Problem thinking: Heuristics and cognitive bias in gambling
Once when I was playing roulette at my local casino, there was a run of seven reds in a row. I rarely bet by colour myself, but while I was laying my many 50 pence chips all over the roulette number grid, I told a friend standing next to me that many people would put a lot of their chips on black on the next spin of the wheel. And they did! I am no mind reader but what I do know about is the gambler’s fallacy. The gambler’s fallacy is a well-known psychological ‘rule of thumb’ where gamblers apply the law of averages to very small number sequences. Put very simply, I knew that most people would be thinking “by the law of averages the black is supposed to come up 50% of the time and hasn’t done so for the last seven spins”. While the 50% probability is true, the probability is based on very large sequences of numbers and not a few spins of the roulette wheel. What’s more, the roulette ball has no memory of where it landed before and every spin is independent of the last one. As it turned out, red came up again and there were some disgruntled and disbelieving gamblers. On the ninth spin, a black number finally came up.
The gambler’s fallacy is one of many psychological thinking patterns that are known as ‘heuristics’ (and sometimes called cognitive biases). The psychological effect of heuristics is to reduce uncertainty for the gambler. Open up any textbook on gambling and you will find that the gambler’s fallacy is referred to as the ‘representativeness bias’. This is because people expect to find a representative relationship between samples drawn from a small number of events (for example, eight spins on the roulette wheel), and the complete set of events (in this case, all the spins ever on all roulette wheels). When we gamble, we constantly process information (often unconsciously) in a consistently biased way. Humans tend to exhibit consistent biases when cognitively processing information in gambling situations. For instance, in psychological gambling experiments where people are asked to create a random sequence of imaginary coin tosses, they tend to produce sequences where the proportion of heads in a short segment is closer to 50% than chance would predict.
Over the last 35 years, psychologists have written about many different heuristics that gamblers use. One of the better known ones is the ‘availability bias’. This occurs when a person evaluating the probability of a chance event makes the judgement in terms of the ease with which relevant instances or associations come to mind. For instance, pools winners are highly publicised to invoke the idea that big wins are regular and commonplace when in fact they are rare.
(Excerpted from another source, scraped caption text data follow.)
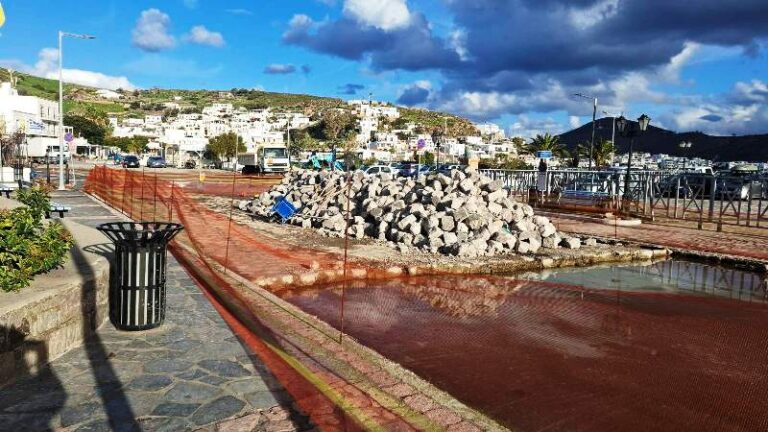 Το έργο της αποχέτευσης των ομβρίων θα συνεχιστεί εκτός πλατείας. Απόψε επιστρέφει ο εργολάβος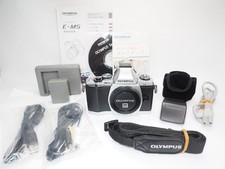 OLYMPUS OM-D E-M5 body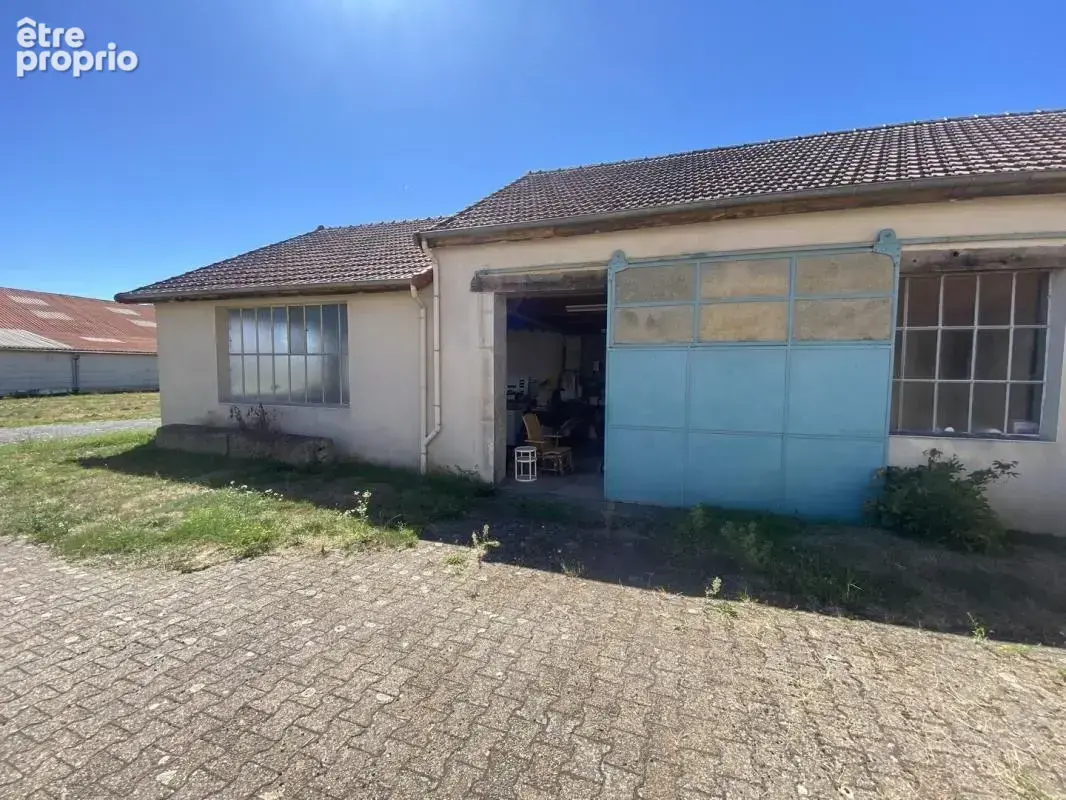 Immeuble de 2 logements avec grange sur 1,5 ha - photo 11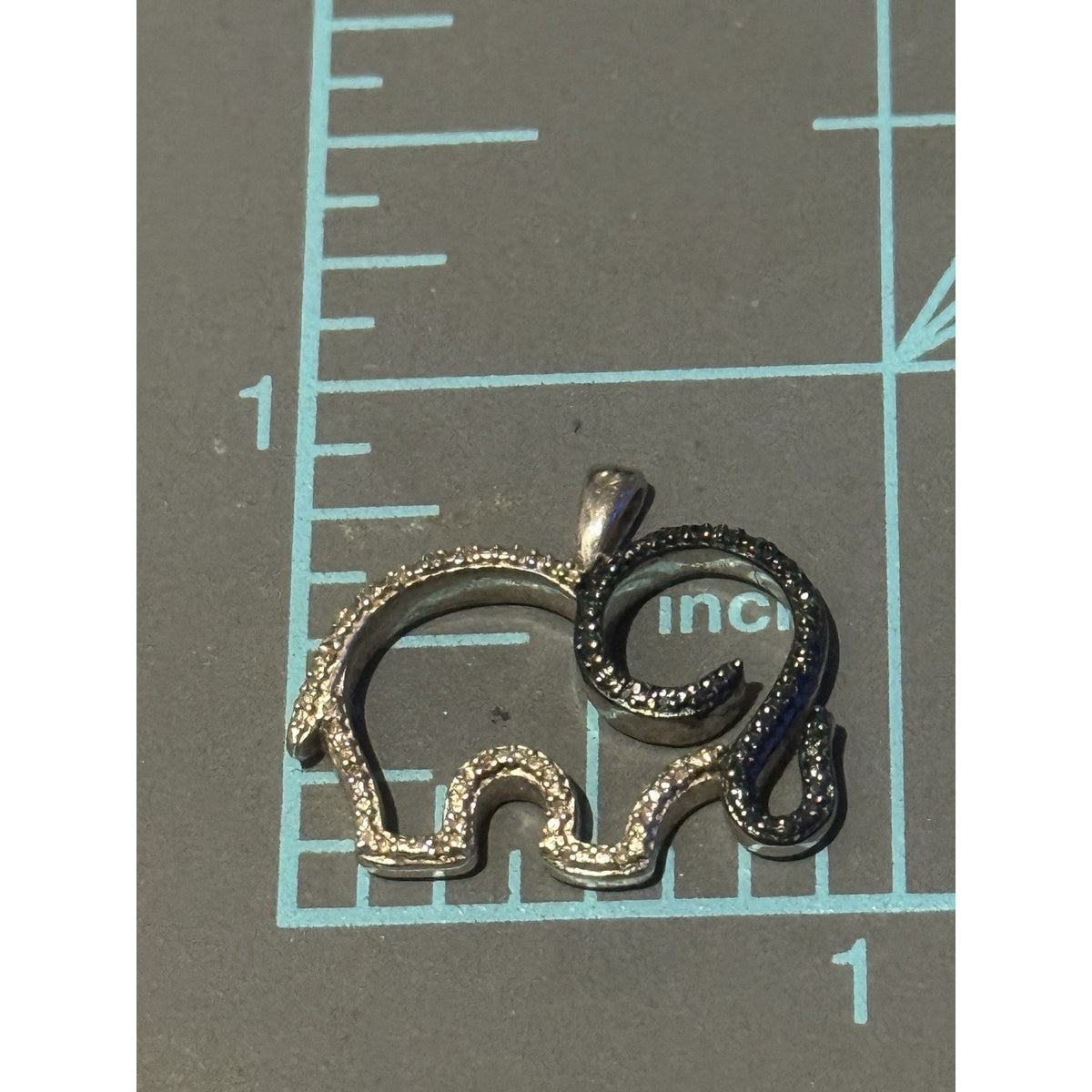 Kay Jewelers 1/10 Tow Blue And White Diamond Elephant Pendant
Availability biases can also be found when people actually gamble in lotteries. For instance, when selecting numbers, some people will pick (‘hot’) numbers that have come up more often and avoid the (‘cold’) numbers that by chance have not come up as often. For instance, during the week of the first ever triple rollover on the UK National Lottery it was noted by a number of newspapers that the number ‘13’ had come up much less than any other number in almost 10 years of lottery draws. Those gamblers prone to the ‘availability bias’ would be unlikely to pick this number. Of course, those prone to the ‘representativeness bias’ would be more likely to pick it! And that is one of the problems with ‘rules of thumb’ – it is almost impossible to know which heuristic will be applied in a given situation and it is quite possible for the same person to use a different heuristic in the same situation on different occasions.
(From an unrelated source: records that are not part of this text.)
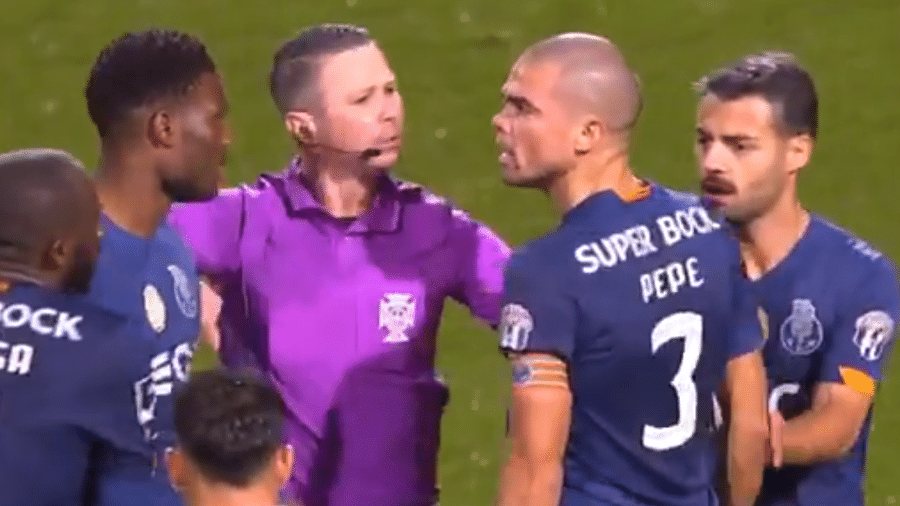 Pepe discute com Mamadou Loum em partida do Porto - Reprodução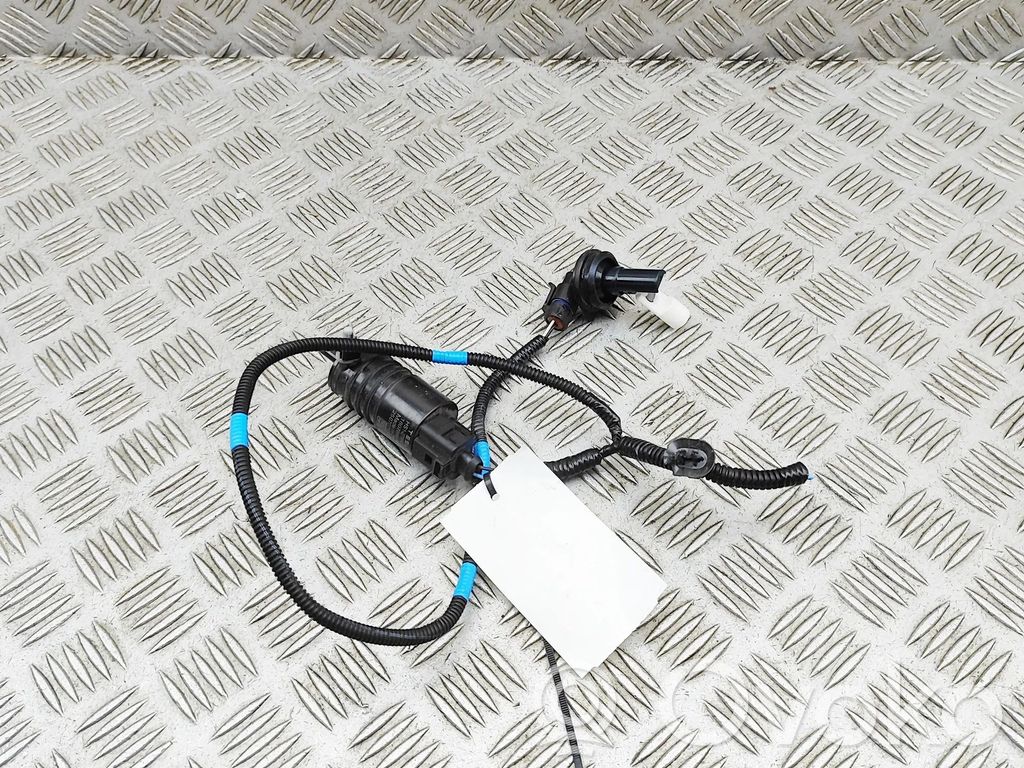 Tesla Model 3 Highland Windscreen/windshield washer pump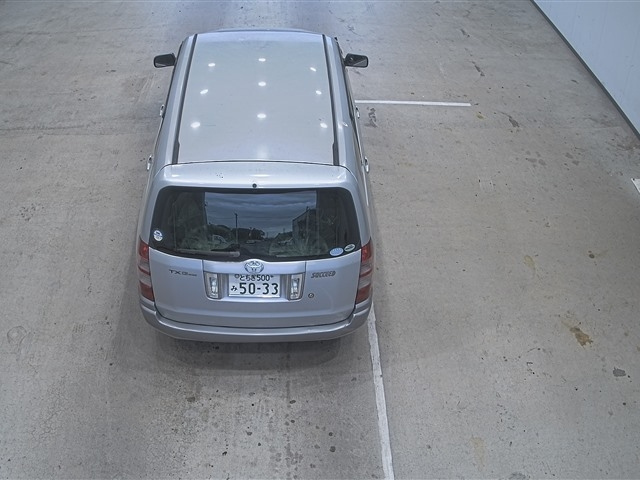 TOYOTA SUCCEED 2011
Some of my favourite heuristics are those involving ‘illusory correlations’. These are superstitious behaviours where people believe two actions are related when in fact they are not. For instance, one seminal 1960s study of ‘craps’ players in US casinos (published by Dr. J. Henslin in the American Journal of Sociology) showed that players rolled the dice softly to get low numbers and rolled harder for higher ones. Other spurious examples are those people who have ritualised routines before they gamble, have ‘lucky chairs’ at the bingo hall, or those who carry lucky charms when they gamble. Most of these illusory correlations start by associative accident. For instance, a gambler might have three big wins at the roulette table and then notice that on all three of those occasions they wore the same pair of trousers. As a consequence, they might start to think that the trousers are somehow lucky and wear them on subsequent visits to the casino. When they win while wearing them, it bolsters the bias. The relationship between the winning and the trousers wearing is illusory but many gamblers display such irrational biases.
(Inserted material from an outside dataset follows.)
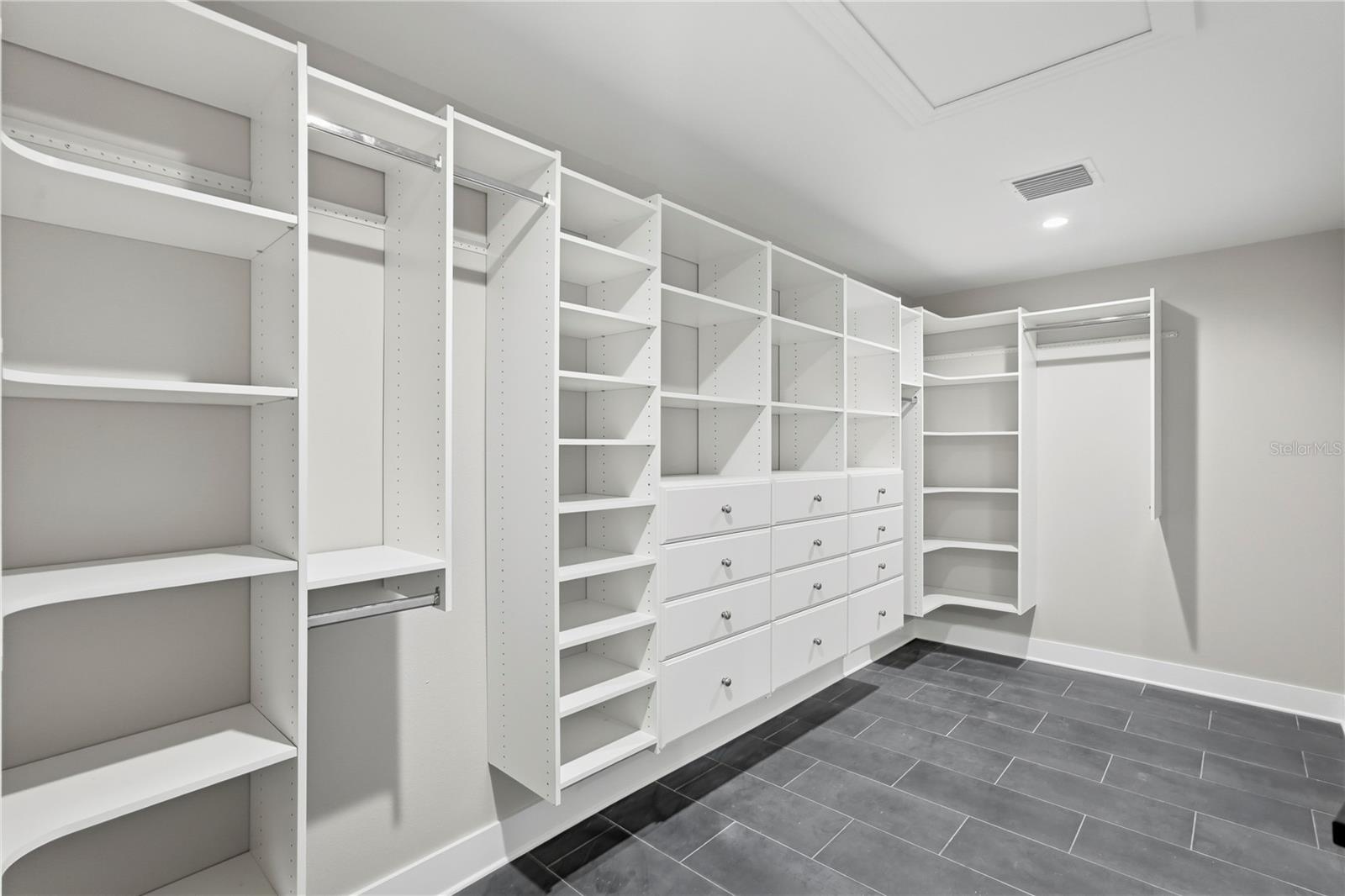 845 SNELL Isle Blvd ST PETERSBURG, FL 33704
Psychological biases provide some insight into why some gamblers don’t learn from past losses and helps explain supposedly ‘irrational’ behaviour in the gambling process. Some psychologists claim that problem gambling is caused by defective reasoning, rather than personality traits, education or social environment. They also claim that gamblers gamble, not because they have a bigger repertoire of heuristics, but because they select heuristics on the wrong occasions.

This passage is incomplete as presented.